Testing in IE (no differences between IE6 and IE9), Opera, Safari and Firefox gives the following results:


Only Opera gets out of synch when a space appears between two-byte sequences.

Firefox and Opera do switch to ASCII when a newline is found in two-byte mode.  IE and Safari however remain in two-byte mode, and they have the same error handling.

All browsers recognise a misaligned shift-in (i.e., 0F as a trail byte in two-byte mode as a way of switching to one-byte mode).  The only divergence is that IE eats the following byte.

A misaligned shift-out or a misaligned escape sequence (ESC '$' ')' 'D') is ignored by IE.  Other browsers misalign/realign.

An incomplete escape sequence in ASCII mode is converted to characters byte by byte in IE and Firefox, starting with an escape character, and with no U+FFFD being inserted.  Perhaps this should not be an error at all.

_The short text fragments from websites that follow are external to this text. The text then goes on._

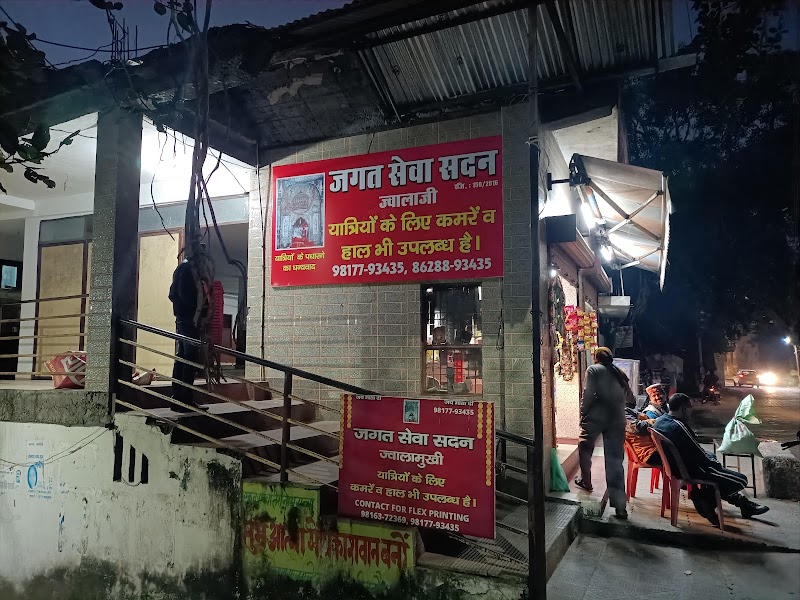 JAGAT SEWA SADAN
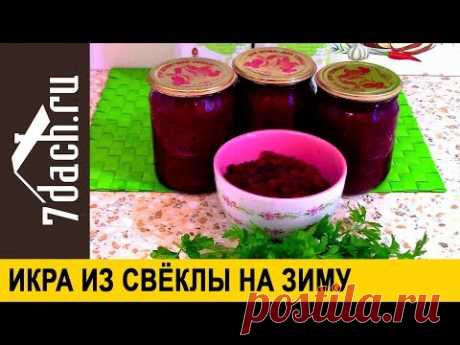Икра из свеклы на зиму - 7 дач
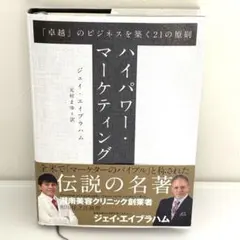 2026年最新】ジェイ エイブラハム ハイパワー マーケティングの人気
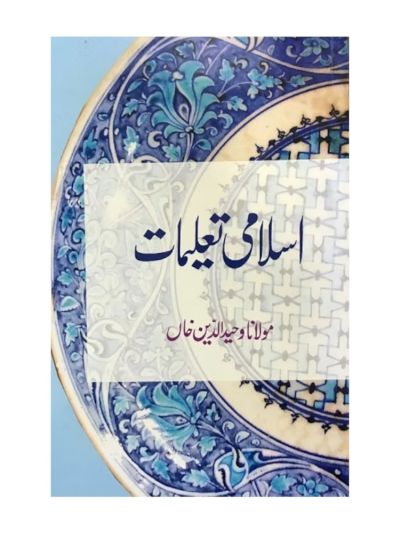 Islami Taalimaat (URDU)
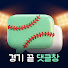vUAdEMXXG-0-channel-avatar-경기 끝 댓글창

An incomplete escape sequence in 2-byte mode makes Opera switch to ASCII mode.  All other browsers stay in 2-byte mode and have essentially the same error handling (at least for the example above).
Comment 2 pub-w3 2012-05-06 13:31:04 UTC
Typo:  the escape sequence is ESC '$' ')' 'C'.
Comment 3 Anne 2013-08-23 10:36:01 UTC
This is obsolete now.